|M.Sc Thesis||Department of Biomedical Engineering|
|Supervisor:||Assoc. Prof. Gur Moshe|
Neurophysiological studies show a host of areas in visual cortex involved in generating 3D percepts from disparity cues. Low visuals areas such as V1, V2, V3A as well as high ones (LO - lateral occipital, pFs - posterior fusiform) play an important role in processing disparity signals. We used random dots stereogram (RDS) as a way to study brain mechanisms related to 3D perception, since they contain a single visual cue - retinal disparity.
When complex RDS are viewed for the first time, it can take from seconds to minutes until a 3D figure is perceived. When the same RDS are viewed for the second time after hours, days or even weeks, recognition time will be shorter than in the first viewing. The shortening in recognition latency is related to a learning process that is committed to memory which occurs in the first exposure to new RDS. Our goal was to study the role of the various visual cortical areas in constructing and retaining 3D percepts. As psychophysical experiments have showed, recognition latency was suitable for fMRI study. Experimental paradigms were designed using RDS.

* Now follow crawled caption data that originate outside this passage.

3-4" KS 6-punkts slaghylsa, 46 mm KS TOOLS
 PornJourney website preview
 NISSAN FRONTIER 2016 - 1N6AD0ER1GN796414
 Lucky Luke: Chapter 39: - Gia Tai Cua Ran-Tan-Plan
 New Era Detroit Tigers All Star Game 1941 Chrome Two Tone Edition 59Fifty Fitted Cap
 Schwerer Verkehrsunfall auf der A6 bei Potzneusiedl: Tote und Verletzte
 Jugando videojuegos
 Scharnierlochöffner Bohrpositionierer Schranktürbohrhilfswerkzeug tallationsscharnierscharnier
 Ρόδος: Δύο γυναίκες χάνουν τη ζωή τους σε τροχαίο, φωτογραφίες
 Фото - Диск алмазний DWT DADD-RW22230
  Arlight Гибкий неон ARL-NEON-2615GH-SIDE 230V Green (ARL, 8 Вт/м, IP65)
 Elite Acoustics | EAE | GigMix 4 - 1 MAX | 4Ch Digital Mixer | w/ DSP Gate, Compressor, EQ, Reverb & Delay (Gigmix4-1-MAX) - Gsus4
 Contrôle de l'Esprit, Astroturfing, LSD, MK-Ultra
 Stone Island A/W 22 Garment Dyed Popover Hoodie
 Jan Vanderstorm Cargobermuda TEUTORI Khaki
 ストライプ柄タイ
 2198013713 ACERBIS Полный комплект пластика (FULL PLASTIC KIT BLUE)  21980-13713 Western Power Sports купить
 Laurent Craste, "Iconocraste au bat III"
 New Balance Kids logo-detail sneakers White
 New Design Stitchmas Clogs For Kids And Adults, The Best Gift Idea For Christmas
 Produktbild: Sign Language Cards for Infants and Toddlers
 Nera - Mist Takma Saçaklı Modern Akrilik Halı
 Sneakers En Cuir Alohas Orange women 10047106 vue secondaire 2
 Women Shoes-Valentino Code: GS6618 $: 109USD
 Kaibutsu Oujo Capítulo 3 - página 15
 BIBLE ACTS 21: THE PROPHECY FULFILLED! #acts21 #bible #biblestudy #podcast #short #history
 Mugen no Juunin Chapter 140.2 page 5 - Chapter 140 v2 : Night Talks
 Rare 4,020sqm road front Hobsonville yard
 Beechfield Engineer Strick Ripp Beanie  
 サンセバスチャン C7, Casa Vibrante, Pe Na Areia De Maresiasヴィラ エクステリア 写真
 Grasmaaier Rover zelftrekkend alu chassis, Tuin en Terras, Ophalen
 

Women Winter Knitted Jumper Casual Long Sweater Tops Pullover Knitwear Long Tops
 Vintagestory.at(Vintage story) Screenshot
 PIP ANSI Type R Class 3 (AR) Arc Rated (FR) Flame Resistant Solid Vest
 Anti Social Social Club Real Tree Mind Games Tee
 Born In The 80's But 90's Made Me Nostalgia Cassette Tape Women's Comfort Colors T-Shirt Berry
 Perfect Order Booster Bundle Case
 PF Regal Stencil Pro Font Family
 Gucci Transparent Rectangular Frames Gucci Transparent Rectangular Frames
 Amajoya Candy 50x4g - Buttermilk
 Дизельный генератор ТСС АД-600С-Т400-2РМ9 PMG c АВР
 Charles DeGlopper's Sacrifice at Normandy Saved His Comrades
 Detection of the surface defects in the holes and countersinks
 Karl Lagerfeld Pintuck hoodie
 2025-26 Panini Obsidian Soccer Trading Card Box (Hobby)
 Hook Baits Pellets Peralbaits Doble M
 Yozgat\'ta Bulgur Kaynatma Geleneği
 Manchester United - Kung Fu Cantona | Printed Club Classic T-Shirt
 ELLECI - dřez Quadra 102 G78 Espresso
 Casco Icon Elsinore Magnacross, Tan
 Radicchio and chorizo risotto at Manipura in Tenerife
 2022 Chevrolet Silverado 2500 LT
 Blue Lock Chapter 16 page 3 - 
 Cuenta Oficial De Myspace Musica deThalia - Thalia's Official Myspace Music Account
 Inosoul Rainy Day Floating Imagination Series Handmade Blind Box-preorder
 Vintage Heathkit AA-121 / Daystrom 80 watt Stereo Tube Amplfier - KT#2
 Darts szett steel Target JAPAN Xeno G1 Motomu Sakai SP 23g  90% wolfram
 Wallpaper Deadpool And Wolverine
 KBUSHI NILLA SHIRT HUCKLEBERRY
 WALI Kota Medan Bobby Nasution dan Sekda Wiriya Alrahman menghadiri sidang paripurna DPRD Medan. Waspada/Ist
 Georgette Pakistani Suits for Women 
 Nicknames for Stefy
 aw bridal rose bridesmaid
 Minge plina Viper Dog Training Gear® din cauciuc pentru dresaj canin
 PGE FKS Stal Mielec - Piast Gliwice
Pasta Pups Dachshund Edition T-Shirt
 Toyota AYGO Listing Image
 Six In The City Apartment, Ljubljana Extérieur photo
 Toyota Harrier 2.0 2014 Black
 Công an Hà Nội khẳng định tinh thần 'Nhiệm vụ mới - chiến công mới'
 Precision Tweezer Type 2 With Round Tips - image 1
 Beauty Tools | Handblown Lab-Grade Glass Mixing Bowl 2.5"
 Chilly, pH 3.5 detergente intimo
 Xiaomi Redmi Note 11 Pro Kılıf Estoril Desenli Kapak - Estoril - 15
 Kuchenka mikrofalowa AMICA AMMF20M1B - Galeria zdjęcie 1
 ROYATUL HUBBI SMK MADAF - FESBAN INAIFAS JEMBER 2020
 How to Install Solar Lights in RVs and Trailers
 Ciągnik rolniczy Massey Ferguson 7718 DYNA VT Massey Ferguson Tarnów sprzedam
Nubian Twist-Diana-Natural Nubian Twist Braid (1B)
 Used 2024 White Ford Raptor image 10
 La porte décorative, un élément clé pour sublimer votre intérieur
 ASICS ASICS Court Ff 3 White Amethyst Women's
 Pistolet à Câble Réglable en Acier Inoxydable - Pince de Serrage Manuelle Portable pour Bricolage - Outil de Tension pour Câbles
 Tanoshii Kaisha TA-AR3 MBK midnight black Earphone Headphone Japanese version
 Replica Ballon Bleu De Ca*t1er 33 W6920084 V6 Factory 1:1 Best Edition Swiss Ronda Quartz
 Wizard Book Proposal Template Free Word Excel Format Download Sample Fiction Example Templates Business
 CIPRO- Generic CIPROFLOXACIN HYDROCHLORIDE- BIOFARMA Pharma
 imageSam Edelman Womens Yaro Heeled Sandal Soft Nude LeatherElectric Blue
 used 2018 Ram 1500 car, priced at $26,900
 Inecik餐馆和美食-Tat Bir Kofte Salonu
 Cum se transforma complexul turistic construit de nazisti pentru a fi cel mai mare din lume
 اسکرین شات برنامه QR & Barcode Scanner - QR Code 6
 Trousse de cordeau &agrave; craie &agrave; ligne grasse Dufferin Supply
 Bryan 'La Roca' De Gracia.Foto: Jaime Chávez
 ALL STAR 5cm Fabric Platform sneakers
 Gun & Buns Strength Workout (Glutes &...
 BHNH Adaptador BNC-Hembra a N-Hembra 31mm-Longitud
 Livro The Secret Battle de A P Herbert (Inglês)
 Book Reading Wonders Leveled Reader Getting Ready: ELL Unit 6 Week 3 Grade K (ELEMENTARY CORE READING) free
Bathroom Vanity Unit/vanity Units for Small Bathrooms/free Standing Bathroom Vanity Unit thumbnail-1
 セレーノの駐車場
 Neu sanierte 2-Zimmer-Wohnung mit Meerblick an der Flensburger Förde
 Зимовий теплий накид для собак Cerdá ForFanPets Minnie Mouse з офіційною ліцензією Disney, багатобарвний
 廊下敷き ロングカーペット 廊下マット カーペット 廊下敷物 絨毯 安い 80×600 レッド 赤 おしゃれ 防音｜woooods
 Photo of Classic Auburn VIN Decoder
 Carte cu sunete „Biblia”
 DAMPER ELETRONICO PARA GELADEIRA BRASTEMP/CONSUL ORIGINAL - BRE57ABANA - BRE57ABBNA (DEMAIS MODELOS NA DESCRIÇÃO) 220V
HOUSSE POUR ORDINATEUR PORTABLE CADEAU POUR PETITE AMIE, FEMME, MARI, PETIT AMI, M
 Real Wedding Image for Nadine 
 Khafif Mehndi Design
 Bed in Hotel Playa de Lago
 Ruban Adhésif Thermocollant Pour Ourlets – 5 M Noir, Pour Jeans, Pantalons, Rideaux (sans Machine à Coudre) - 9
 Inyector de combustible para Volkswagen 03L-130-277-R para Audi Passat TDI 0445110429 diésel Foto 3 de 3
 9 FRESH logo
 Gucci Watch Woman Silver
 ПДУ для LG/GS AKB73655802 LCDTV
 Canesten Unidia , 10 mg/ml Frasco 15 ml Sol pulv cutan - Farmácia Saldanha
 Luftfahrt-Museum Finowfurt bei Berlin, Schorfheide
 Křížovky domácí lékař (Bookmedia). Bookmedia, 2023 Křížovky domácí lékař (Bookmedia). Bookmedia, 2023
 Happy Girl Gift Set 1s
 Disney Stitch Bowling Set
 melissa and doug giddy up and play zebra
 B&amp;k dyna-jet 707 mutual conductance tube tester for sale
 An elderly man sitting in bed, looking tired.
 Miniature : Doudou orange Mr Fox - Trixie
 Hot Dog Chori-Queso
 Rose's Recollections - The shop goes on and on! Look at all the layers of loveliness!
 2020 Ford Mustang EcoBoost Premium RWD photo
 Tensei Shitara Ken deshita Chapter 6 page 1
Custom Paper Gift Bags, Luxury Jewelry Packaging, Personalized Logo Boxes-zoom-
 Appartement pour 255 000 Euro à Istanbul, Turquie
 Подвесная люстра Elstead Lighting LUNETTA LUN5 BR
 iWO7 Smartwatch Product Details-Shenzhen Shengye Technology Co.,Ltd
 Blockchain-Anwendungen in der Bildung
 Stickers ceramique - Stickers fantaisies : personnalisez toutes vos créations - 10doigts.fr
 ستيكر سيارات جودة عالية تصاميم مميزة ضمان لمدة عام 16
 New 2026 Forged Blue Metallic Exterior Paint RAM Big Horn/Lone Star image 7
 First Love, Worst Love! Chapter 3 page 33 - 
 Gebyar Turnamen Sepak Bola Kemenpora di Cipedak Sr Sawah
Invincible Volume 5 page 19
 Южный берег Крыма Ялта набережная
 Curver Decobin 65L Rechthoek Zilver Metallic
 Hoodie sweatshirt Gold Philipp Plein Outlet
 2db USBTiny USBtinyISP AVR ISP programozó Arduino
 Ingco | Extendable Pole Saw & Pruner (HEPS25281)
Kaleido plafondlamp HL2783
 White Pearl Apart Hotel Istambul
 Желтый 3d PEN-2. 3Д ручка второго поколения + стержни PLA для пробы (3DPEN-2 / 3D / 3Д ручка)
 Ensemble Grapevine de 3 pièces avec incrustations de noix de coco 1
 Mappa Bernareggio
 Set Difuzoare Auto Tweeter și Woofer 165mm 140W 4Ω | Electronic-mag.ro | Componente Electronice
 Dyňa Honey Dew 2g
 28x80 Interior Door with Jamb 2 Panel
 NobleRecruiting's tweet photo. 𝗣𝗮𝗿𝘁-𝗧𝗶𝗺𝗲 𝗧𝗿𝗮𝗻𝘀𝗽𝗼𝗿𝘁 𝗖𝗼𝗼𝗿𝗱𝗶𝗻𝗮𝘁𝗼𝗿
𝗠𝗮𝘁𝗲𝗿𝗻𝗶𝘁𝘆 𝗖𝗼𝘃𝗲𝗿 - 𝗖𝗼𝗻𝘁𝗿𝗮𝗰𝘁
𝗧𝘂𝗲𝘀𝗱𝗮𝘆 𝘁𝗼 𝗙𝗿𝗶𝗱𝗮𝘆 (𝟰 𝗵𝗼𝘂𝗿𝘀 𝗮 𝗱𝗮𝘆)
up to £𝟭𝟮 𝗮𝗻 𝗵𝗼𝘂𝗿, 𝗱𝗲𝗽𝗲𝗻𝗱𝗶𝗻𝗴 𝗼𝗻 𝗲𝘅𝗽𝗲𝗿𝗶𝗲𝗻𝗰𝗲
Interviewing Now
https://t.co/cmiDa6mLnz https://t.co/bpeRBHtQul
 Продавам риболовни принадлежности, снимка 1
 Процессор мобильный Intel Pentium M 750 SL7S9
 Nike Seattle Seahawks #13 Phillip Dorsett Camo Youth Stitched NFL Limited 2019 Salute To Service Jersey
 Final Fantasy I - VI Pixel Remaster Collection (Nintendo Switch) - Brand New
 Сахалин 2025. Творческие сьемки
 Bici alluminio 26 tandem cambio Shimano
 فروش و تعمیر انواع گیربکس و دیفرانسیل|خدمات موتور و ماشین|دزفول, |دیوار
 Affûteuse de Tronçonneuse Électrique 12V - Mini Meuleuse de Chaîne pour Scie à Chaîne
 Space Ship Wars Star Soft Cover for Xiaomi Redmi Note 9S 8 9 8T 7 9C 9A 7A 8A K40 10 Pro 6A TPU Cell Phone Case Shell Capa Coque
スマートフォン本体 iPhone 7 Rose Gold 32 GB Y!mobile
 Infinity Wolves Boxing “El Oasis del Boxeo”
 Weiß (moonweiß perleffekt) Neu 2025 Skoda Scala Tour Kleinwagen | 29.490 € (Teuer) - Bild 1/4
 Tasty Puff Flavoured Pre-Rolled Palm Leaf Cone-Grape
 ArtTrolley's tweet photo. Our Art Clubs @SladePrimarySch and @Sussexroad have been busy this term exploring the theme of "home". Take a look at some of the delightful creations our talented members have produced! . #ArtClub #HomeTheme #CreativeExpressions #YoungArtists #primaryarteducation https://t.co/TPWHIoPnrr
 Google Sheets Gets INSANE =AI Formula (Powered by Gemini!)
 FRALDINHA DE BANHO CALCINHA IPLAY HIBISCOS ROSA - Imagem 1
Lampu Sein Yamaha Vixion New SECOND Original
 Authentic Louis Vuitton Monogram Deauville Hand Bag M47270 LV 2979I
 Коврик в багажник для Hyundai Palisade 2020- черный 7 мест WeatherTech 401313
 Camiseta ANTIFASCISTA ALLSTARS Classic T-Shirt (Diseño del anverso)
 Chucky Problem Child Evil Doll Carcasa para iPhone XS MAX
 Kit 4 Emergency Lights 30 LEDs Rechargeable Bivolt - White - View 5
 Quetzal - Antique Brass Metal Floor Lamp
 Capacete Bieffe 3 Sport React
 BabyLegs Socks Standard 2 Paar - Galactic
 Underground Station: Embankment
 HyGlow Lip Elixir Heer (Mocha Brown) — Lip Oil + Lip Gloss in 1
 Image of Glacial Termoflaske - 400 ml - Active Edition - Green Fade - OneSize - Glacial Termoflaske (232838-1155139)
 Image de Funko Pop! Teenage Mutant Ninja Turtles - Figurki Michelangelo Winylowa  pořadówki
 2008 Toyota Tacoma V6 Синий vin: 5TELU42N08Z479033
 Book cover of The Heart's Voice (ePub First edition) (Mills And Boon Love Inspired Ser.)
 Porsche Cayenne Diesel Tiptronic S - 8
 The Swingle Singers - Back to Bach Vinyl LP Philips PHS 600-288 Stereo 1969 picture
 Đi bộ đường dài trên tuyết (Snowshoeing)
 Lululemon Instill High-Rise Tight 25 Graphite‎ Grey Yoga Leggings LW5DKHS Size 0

The results have showed, correlation between recognition period and increase in neural activity was found in high visual areas such as LO, pFs and others, during viewing new RDS. The increase was followed by a significant drop in the fMRI signal which was presumably related to a decrease in efforts and attention. The new 3D memory was effective, and can be easily accessed. New visual memory areas, specific to RDS figure, were found in lateral and inferior areas in the temporal lobe.